O defensor afirmou ainda que passou a identificar, em 2021, a “face predatória” da Braskem quando a mineradora, segundo ele, começou a praticar uma proposta de “acordo casado” ao propor essa indenização moral tabelada em R$ 40 mil por residência, independentemente do número de pessoas residentes no imóvel. Ou seja, uma família com duas pessoas em casa, recebeu o mesmo valor da indenização por dano moral pago a uma família com dez pessoas residindo sob o mesmo teto.

“Na prática é uma proposta casada. A empresa dizia assim: ‘Ou você aceita isso ou não tem acordo nenhum. A gente não faz meio acordo. Aí vocês vão para a Justiça’. E na Justiça, como todos sabem, o processo é mais demorado”, exemplificou o defensor público.

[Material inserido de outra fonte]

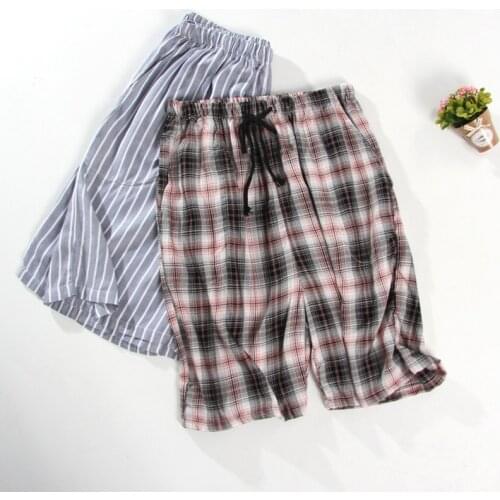 Summer cotton pajamas mens home pants cotton five-point pants plaid shorts mens cotton beach pants thin section outer wear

Ele disse ainda que nenhum acordo está imune à revisão posterior, visto que, todos eles foram feitos “para um olhar daquele momento”, com a urgência da desapropriação exigida e dentro daquelas possibilidades que se apresentavam.

Ricardo Melro, da Defensoria do Estado, e Diego Alves, da Defensoria da União, começaram a atuar no Caso Braskem em 2019, a partir do momento em que foi atestada, pelo Serviço Geológico do Brasil (SGB) e pela Defesa Civil nacional, a causa do afundamento do solo e atribuída a responsabilidade à empresa Braskem.

A partir daquele momento, a Defensoria Pública da União, a Defensora Pública e o Ministério Público de Alagoas e o Ministério Público Federal passaram a atuar numa força tarefa para conseguir, com a urgência que o caso necessitava, algum bloqueio financeiro da empresa e assim conseguir um equilíbrio na negociação de um possível acordo benéfico para as vítimas, com uma desocupação digna.

Até o momento, cerca de 60 mil pessoas tiveram que deixar suas casas às pressas, à medida que o risco de desabamento se espalhava pelos bairros de Pinheiro, Mutange, Bebedouro, Bom Parto e Farol. Proprietários de cerca de 16 mil imóveis, que estão dentro dessa área de risco, firmaram acordo individual para serem atendidos pelo programa de compensação financeira com a Braskem.

DANO MORAL

Questionado pelo senador Rodrigo Cunha, sobre quais fatores foram levados em conta para calcular a indenização por dano moral, Diego Alves esclareceu que, no acordo coletivo, não foram fixados valores a título de dano moral, até por ser um fator individual e subjetivo.

“O que deixamos pactuado é que a indenização precisava ser adequada, precisava ser justa, precisava reparar integralmente as vítimas que foram forçadas a desocupar os imóveis. Então, não houve o aval da DPU nem das demais instituições públicas para fixar um valor de dano moral pelo núcleo familiar e tabelado”, esclareceu Diego, em seu depoimento à CPI, na última quarta-feira.

Concluída a sessão, em entrevista à imprensa, os senadores integrantes da Comissão foram unânimes em defender a reformulação dos acordos. Nesse ponto, nós concordamos com os defensores públicos, esses acordos precisam ser revistos”, afirmou o relator da Comissão, Rogério Carvalho, do PT sergipano.